Klarna is a name that you may have seen appearing with increasing frequency if you shop online these days. It’s a new type of financial service that offers the option to try before you buy – and pay later. A number of big retailers, including JD Sports, have begun to offer this type of finance to customers. However, they have been warned that the result of doing so could be to push customers into debt. So, is the new service a convenience for customers or simply a debt trap?
What is Klarna?
It’s a Swedish bank that started trading in the UK in 2015. It has done incredibly well – H&M bought a 1% stake in the bank for $20m, making Klarna one of those elusive types of tech startup: a unicorn (i.e. worth more than $1 billion). So far, Klarna has established partnerships with some of the biggest names in online shopping, including Topshop and ASOS. Its financing is designed to overcome one of the biggest bugbears digital shoppers have: the time it takes to process refunds. Many online retailers now offer free returns in an attempt to tap into the practice among younger shoppers of ordering large volumes of items and then returning a lot of it. With Klarna, there’s nothing to pay up front. Instead, the customer can order as much as they want to and, as long as it’s returned within 14 or 30 days (depending on the retailer’s terms), no payment will be taken at all. Only the items that are kept have to be paid for.
Does Klarna credit check?
Yes they do. But they only carry out a “soft” credit check so between 70% and 80% of applicants are accepted in the UK. The firm will check personal details and then look at whether an individual has had any repayment issues in the past. If not, credit is approved. This may sound ideal for enthusiastic shoppers but as one Twitter user pointed out “it’s fine until you realise you owe them £200.” Klarna does say that they don’t charge interest or fees on amounts that are not paid within the 30-day repayment period. They have said that they will “work with” a customer who is having repayment issues to try and help them get back on track. And any customers who have problems with Klarna won’t be allowed to continue to increase what they owe.

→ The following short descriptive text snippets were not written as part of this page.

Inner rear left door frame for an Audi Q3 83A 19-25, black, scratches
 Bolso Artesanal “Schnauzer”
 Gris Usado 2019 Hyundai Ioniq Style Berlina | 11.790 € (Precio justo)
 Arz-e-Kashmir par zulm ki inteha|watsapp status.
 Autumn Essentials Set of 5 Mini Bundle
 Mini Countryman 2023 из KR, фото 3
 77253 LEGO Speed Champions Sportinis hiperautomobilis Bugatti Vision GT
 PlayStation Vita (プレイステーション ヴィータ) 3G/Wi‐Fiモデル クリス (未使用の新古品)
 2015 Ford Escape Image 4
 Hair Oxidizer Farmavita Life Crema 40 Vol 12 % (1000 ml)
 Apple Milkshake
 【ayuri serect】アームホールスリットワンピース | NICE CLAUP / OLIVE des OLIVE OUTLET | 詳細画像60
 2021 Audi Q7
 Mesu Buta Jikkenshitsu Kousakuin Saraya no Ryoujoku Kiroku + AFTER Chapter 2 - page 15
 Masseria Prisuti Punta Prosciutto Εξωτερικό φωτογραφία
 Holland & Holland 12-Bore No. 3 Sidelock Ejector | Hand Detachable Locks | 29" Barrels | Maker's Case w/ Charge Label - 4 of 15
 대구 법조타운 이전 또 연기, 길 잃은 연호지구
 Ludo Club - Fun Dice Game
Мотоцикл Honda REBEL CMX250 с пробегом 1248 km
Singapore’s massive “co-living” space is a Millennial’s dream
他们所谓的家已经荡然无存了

However, the reality is that if Klarna customers can’t afford to make repayments on what they have racked up with a retailer they have just 120 days to pay the bill after the initial “try or buy” period expires. After that their account is passed to a debt collection agency and a whole range of charges and fees could start to apply. There may also be an impact on the individual’s credit score and this could be the start of problem debt for many. That’s especially so for younger customers in their late teens or mid 20s – consumers who may not have that much experience with financial matters.
Easy access credit issues
Minimal credit checks mean that it’s all too easy for anyone to obtain credit with Klarna. This is especially objectionable as it comes at a time when we are already in the middle of a mounting debt crisis affecting many consumers in the UK. However, the big issue with Klarna is the fact that it is targeting so many younger consumers as a result of the stores that it’s choosing to partner with. As many debt charities have pointed out this approach does not encourage budgeting. Instead, shoppers are encouraged to buy what they want now and pay it off at a later date. This is an attitude that has led many consumers to buy more than they can afford and to end up in a position where they are stuck in a cycle of repayment for something that they didn’t really need.
Although Klarna has emphasised that it has affordability checks in place these are quite basic. And, as Iona Bain, founder of the Young Money Blog, says
“my experience tells me that young consumers aren’t great at focusing on the details when it comes to debt… Unless you’re keeping a very close eye on liabilities like these, the risk that they get out of hand is very high indeed.”Your Money Blog
More than a million people have already used Klarna’s service this year and interest in it as an option is increasing. Given the heavy weight of debt already shouldered by many UK consumers it’s worrying that this type of easy access credit could expose much younger generations to a potential debt trap.